如何返回一维尺寸未知的二维数组？

Question

This is related to this question . I have a function void doConfig(mappings, int& numOfMappings) and I'm not sure how to declare mappings. It is a two dimensional array whose elements are chars. The first dimension is determined at run time, and will be computed in the body of the function. The second dimension is always going to be 2. What is the code for this? I'd imagine it to be char** mappings or something like that. Also in C++ arrays are always passed by reference right? So I don't need to use & even though I intend to use the value when the function returns?

EDIT: Basically I want to return this char (*mapping)[2] = new char[numOfMappings][2];

as per 2to1mux's suggestion I still cannot get it to work. The array appears to getting the right values but something is going wrong when the doConfig() function returns.

int main()
{
    int numOfMappings = 0;
    char **mappings;
    doConfig(mappings, numOfMappings);
    cout << "This is mappings" << mappings << endl;//this address is different than the one given in doConfig(), is that wrong?
    cout << "this is numOfMappings: " << numOfMappings << endl;
    cout << mappings[0][0] << "->" << mappings[0][1] << endl;//program crashes here
    //code removed
    return EXIT_SUCCESS;
}

void doConfig(char **mappings, int& numOfMappings)
{
    //code removed, numOfMappings calculated
    for(int j = 0; j < numOfMappings; j++)
    {
        getline(settingsFile, setting);
        mappings[j] = new char[2];
        mappings[j][0] = setting.at(0);
        mappings[j][1] = setting.at(2);
    }
    for(int j = 0; j < numOfMappings; j++)
        cout << mappings[j][0] << "->" << mappings[j][1] << endl;//everything is as expected so array created ok
    cout << "This is mappings" << mappings << endl;//different address than the one give in main
}

OK I got it working now but mainly from haking around.
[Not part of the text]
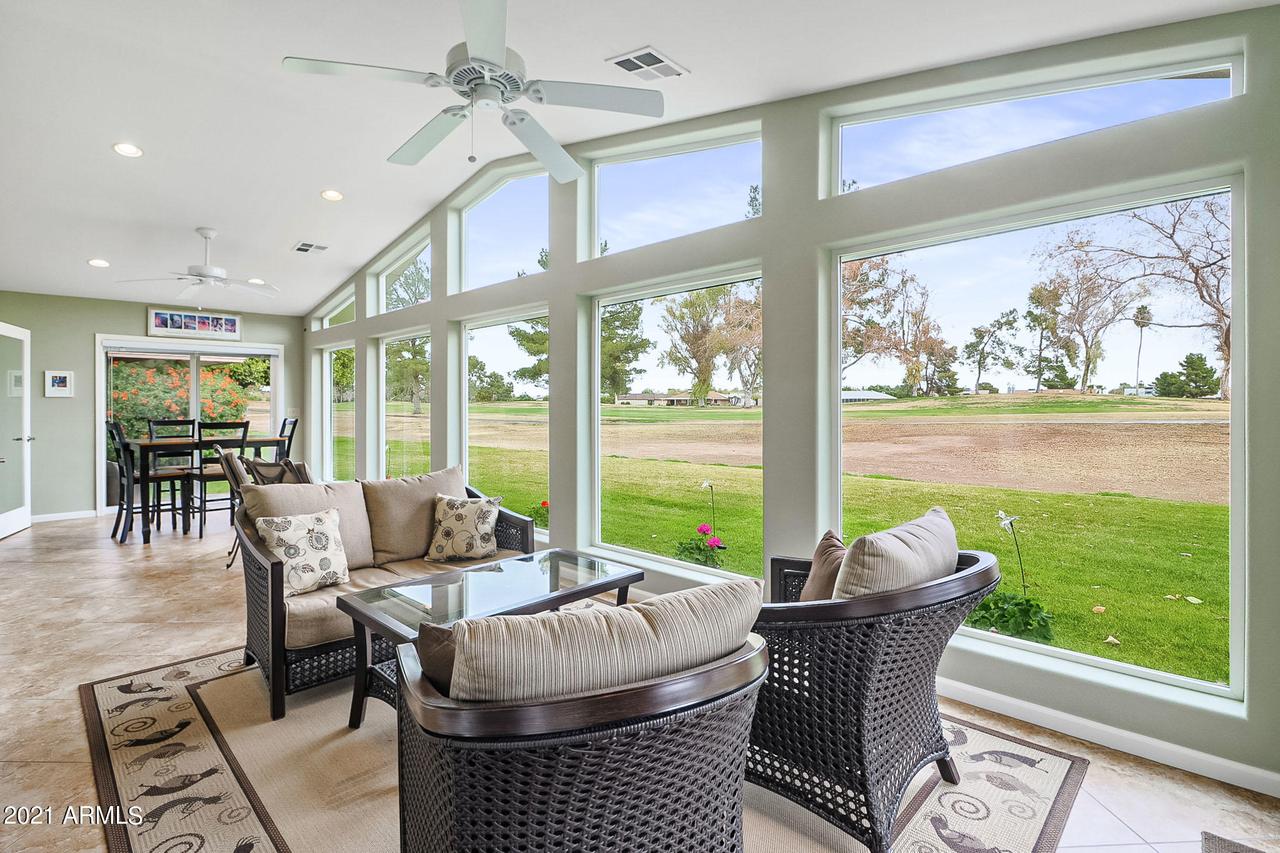 18621 N Conestoga Dr., Sun City, AZ 85373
Could people please explain there solutions as to how they known when to use * and & ?

Answer 1

Since you tagged you question C++, not C, I guess you might want a proper solution.

template<typename T>
using vectorOf2D = std::vector<std::array<T, 2>>;

vectorOf2D<char> getMappings() {
    return /* whatever you do to fill those */;
    // (most probably) using NRVO to ellide the copy
}

And if you are afraid access might be complicated:

auto mappings = getMappings();

functionTakingAMapping(mappings[i]);
char element = mappings[0][1];

Answer 2

(Following up on my answer to the linked question.)
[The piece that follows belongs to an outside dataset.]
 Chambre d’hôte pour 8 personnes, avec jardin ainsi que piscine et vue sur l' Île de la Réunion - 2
The direct (yet rather convoluted) syntax for this would be

char (*create_mappings(size_t n))[2]
{
  // Allocate an char[n][2] array
  char (*mappings)[2] = new char[n][2];

  // Initailize `mappings[i][j]` in any way you want...

  return mappings;
}

But a better idea would be to make it more readable through typedef

typedef char Char2[2];

Char2 *create_mappings(size_t n)
{
  // Allocate an char[n][2] array
  Char2 *mappings = new Char2[n];

  // Initailize `mappings[i][j]` in any way you want...

  return mappings;
}

Answer 3

I'll answer your questions last-in-first-out:

1. Correct, you won't need to use & here.

2. The term by-reference technically doesn't apply to passing arrays, but the simple answer to your question is that you are never passing a copy of an array to a function. Any changes made to a parameter of type array will apply to the original array, not a copy.

3. I suggest passing a double-pointer:

    void doConfig(char **mappings, int& numOfMappings) 

   You will be able to access members of mappings exactly as you would a 2d array. Example:

    mappings[2][3] = 'b'; 

EDIT: Here is new suggestion based on your clarification

void doConfig(char** mappings, int& numOfMappings){

    /*Compute numOfMappings -- 
      this integer is passed by-reference, so it can be used outside function
      to figure out the size allocated within the function*/

    mappings = new char*[numOfMappings];
    for(int i=0; i < numOfMappings; i++){
        mappings[i] = new char[2];
    }
    /*Do whatever you need to do with mappings*/

    /*Return nothing because function is void -- since mappings is passed as
      pointer, changes are maintained after function ends*/

}

Answer 4

You can return a pointer to the 2D array.

For example,

char **ptr;


return ptr;

While passing the address of arrays you don't have to use the & operator, if you want to pass the address of the starting location of the 2D array rather than the address of a particular element.